Additionally, I want black rims if anyone has any suggestions... 18's or 19's, whatever fits and doesnt break the bank....


----------



## benh818 (Feb 21, 2005)

These are the ones i am currently considering... only problem, offset is 35 mm... is this a problem?
http://performanceplustire.com/prod...&modelID=848&x=12&y=6&wheelSize=18#prodAnchor


----------



## benh818 (Feb 21, 2005)

these have a 40mm offset, enough or do i really need a 48mm offset? I really like these rims for the gto...
http://www.bigwheels.net/?location=wheels&action=view_model&model=AT695

http://www.bigwheels.net/?location=wheels&action=view_model&model=DP10 Glossy Black

http://www.bigwheels.net/?location=wheels&action=view_model&model=Montage Black


----------



## 6QTS11OZ (Mar 27, 2005)

The offset of the GTO wheels are 40mm. I have 45mm, 9.5" wide rims on the rear and I had to trim the inner lip of the fender to prevent rubbing. I remove about a 1/4" and it doesn't rub at all. From what I've seen on most issues of rims for our goats, I haven't seen anyone offer rims with an offset over 50mm. I mounted a set of Corvette rear rims, 9.5" wide, offset of 53mm and the inside of the tire was less than a 1/4" from rubbing against the inside fender well. And that was due to the 11.1" section width of the tire, 275/40/17. So when choosing the preferred offset don't forget to choose a tire with the right section width. If I'm wrong someone please correct me.


----------



## roadracer (Oct 31, 2004)

The wheels on my wifes goat are a +45 offset. The only thing Pontiac states is the wheels need is a high positive offset.


----------



## roadracer (Oct 31, 2004)

benh818 said:


> Additionally, I want black rims if anyone has any suggestions... 18's or 19's, whatever fits and doesnt break the bank....
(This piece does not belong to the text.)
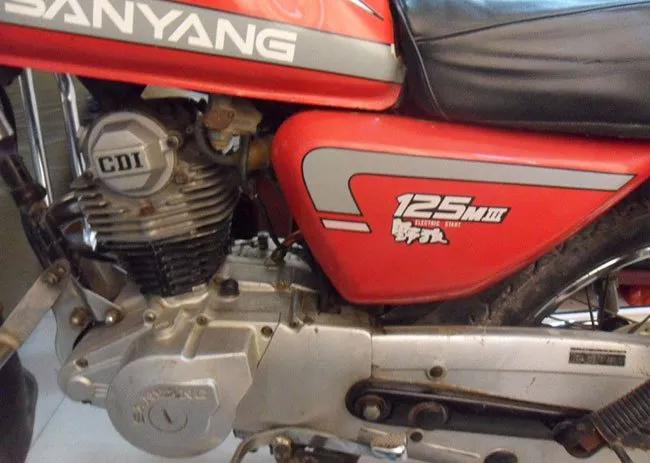 台湾野狼125,老款豪华野狼125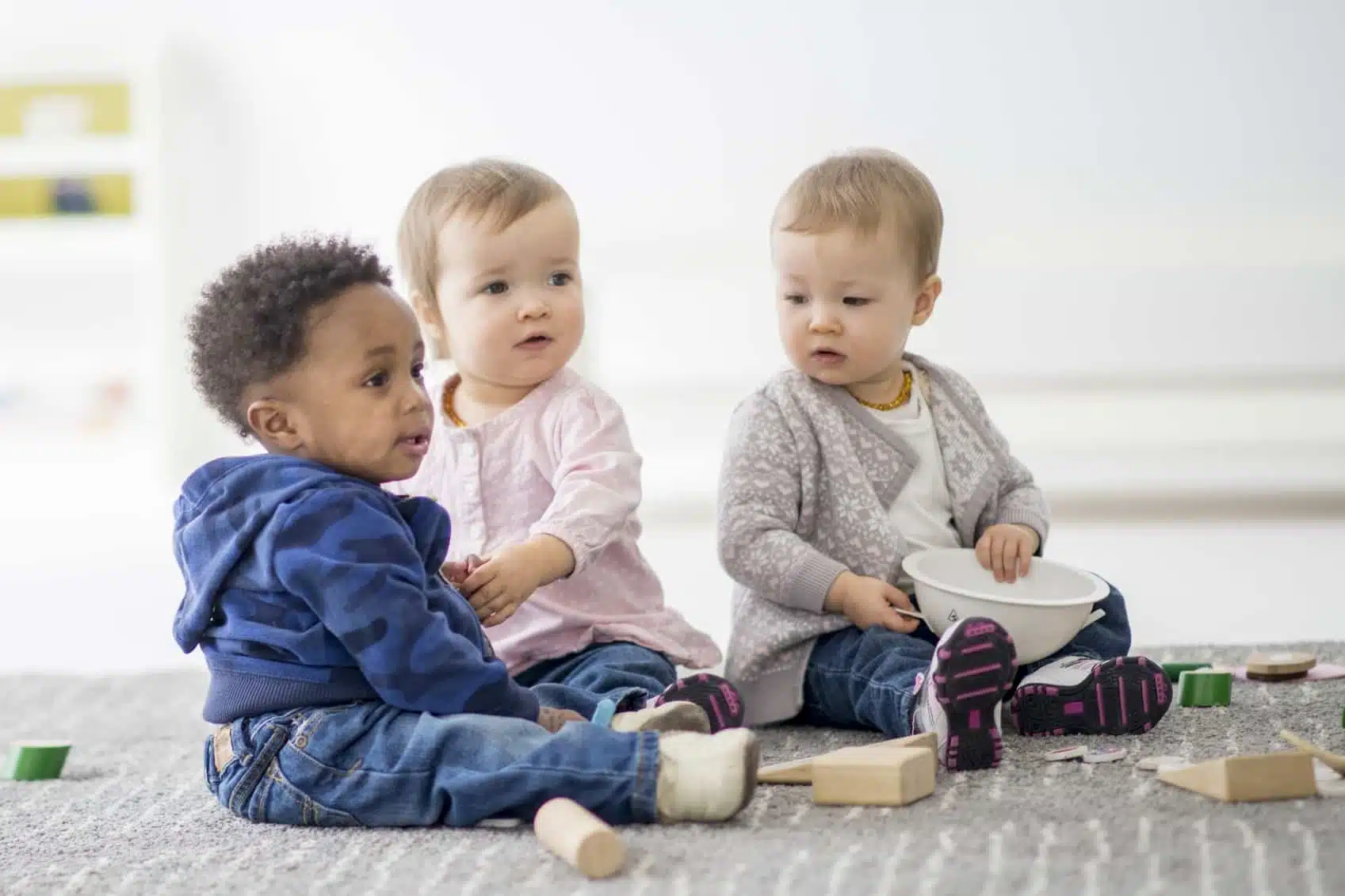 Trois bébés jouant ensemble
I saw some black spoked wheels at 
http://www.gravanatuning.com
I am by no way recommending them to you. They seem to be OK, but with the luck I've had lately, I don't recommend any company to anyone.


----------



## SasdawgGTO (Nov 10, 2004)

benh818 said:


> Additionally, I want black rims if anyone has any suggestions... 18's or 19's, whatever fits and doesnt break the bank....
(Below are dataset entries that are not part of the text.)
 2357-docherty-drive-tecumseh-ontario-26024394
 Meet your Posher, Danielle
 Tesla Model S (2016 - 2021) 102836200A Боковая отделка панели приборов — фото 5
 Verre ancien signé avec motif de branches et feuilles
DIABLO DELTA FORCE BLACK,,,,,by far the best looking rims ive seen and also are what is going on my 05' Check em out Diablo Delta Force Black Rims at AllStarRims.com


----------



## silvergoat05 (Jun 15, 2005)

40mm all around w/ 245/40/18 will fit. 42mm is better. Some people have reported rubbing issues on the rear with 18X8 40mm, don't know why. 

for a staggered fit, a 18X9 rear w/ 50mm is considered the minimum and you still might have rubbing issues dependant on tire choice. Custom made and the new rims from ROH are 52mm with no issues using a 275/35/18.

Different brand tires have a wider footprint and may cause rubbing issues.


----------